── Data to examine ──

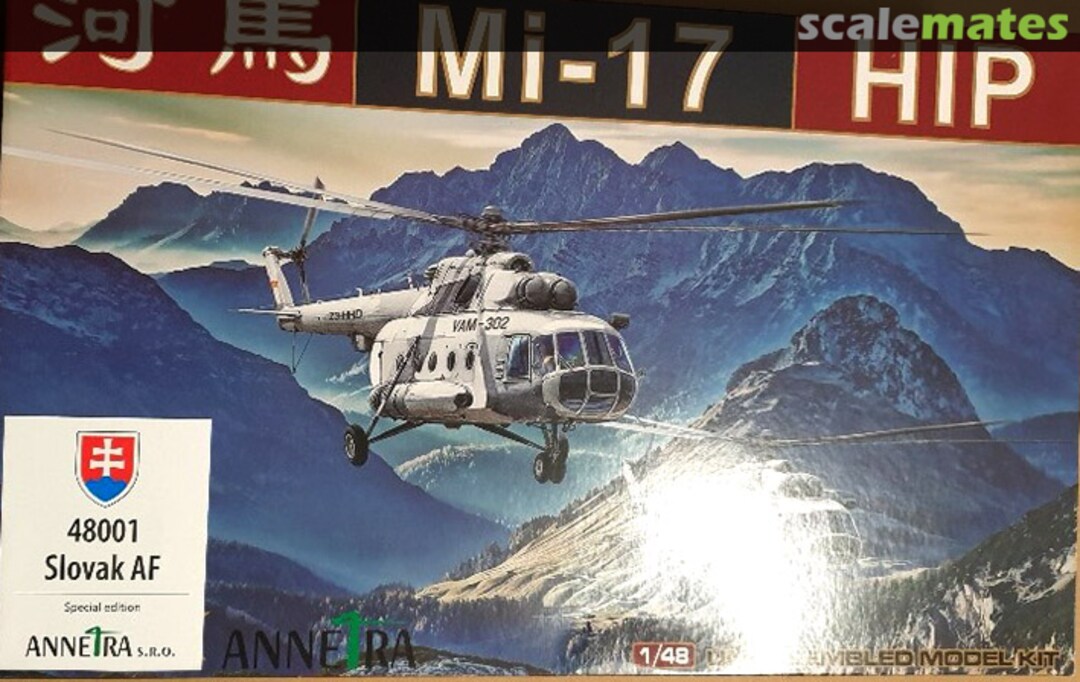 Boxart Mi-17 Hip Slovak AF 48001 Annetra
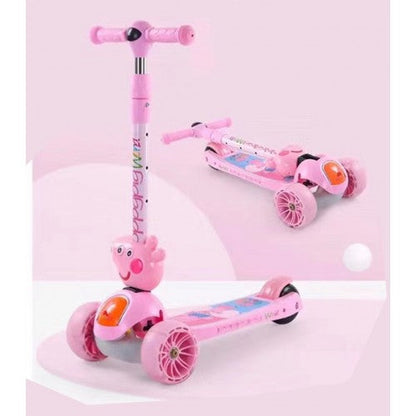 Kids Foldable 3-Wheel Tilt and Turn Kick Scooter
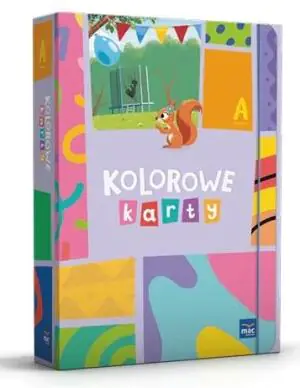 Pakiet: Kolorowe karty. Poziom A. 3 latek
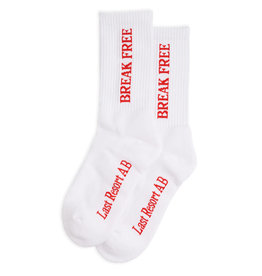 Last Resort Last Resort Socks Break Free (White)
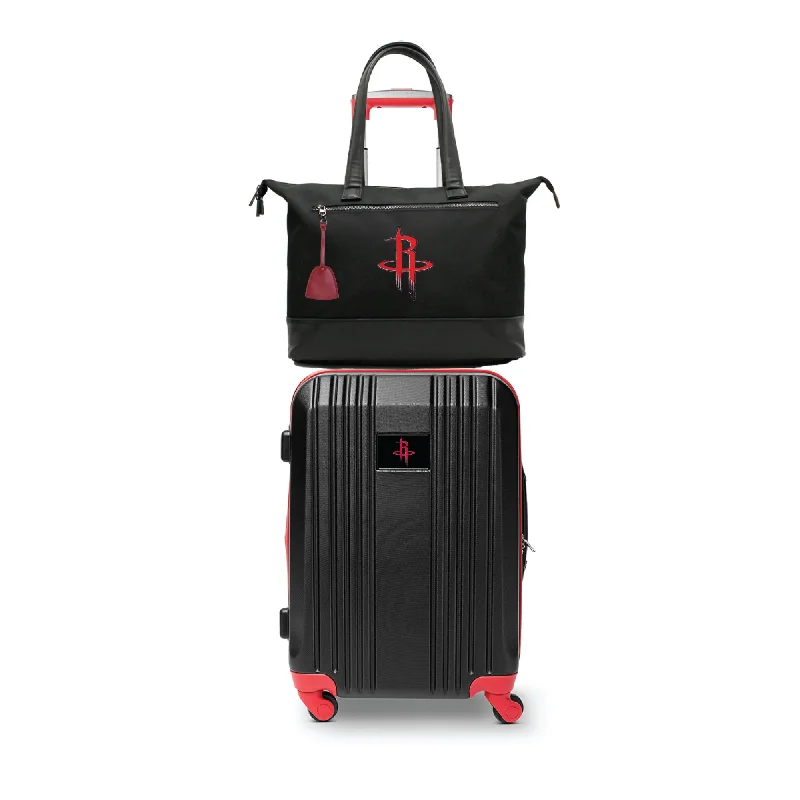 Houston Rockets Premium Laptop Tote Bag and Luggage Set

───

→ **Exercise**:
Repeat the records above word for word, keeping no pictures in the copy.

→ **Worked solution**:
 Boxart Mi-17 Hip Slovak AF 48001 Annetra
 Kids Foldable 3-Wheel Tilt and Turn Kick Scooter
 Pakiet: Kolorowe karty. Poziom A. 3 latek
 Last Resort Last Resort Socks Break Free (White)
 Houston Rockets Premium Laptop Tote Bag and Luggage Set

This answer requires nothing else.